-------- Data for analysis

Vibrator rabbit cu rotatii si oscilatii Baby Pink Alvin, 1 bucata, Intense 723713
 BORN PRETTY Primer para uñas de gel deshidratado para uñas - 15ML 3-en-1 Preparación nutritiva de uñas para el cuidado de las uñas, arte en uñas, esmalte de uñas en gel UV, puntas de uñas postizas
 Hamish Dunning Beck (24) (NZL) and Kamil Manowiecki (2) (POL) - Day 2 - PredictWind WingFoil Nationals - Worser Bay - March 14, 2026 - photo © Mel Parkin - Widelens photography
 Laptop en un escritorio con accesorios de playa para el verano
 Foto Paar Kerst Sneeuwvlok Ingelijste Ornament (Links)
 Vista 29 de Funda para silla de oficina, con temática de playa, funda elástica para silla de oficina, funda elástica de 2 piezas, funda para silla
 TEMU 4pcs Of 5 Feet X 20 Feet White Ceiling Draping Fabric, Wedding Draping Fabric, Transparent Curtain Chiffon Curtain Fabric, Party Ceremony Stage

----------------

Exercise details: Lines from the beginning of the data above through the line containing "Hamish Dunning Beck" are to be returned exactly, and no others.

Response to this exercise:
Vibrator rabbit cu rotatii si oscilatii Baby Pink Alvin, 1 bucata, Intense 723713
 BORN PRETTY Primer para uñas de gel deshidratado para uñas - 15ML 3-en-1 Preparación nutritiva de uñas para el cuidado de las uñas, arte en uñas, esmalte de uñas en gel UV, puntas de uñas postizas
 Hamish Dunning Beck (24) (NZL) and Kamil Manowiecki (2) (POL) - Day 2 - PredictWind WingFoil Nationals - Worser Bay - March 14, 2026 - photo © Mel Parkin - Widelens photography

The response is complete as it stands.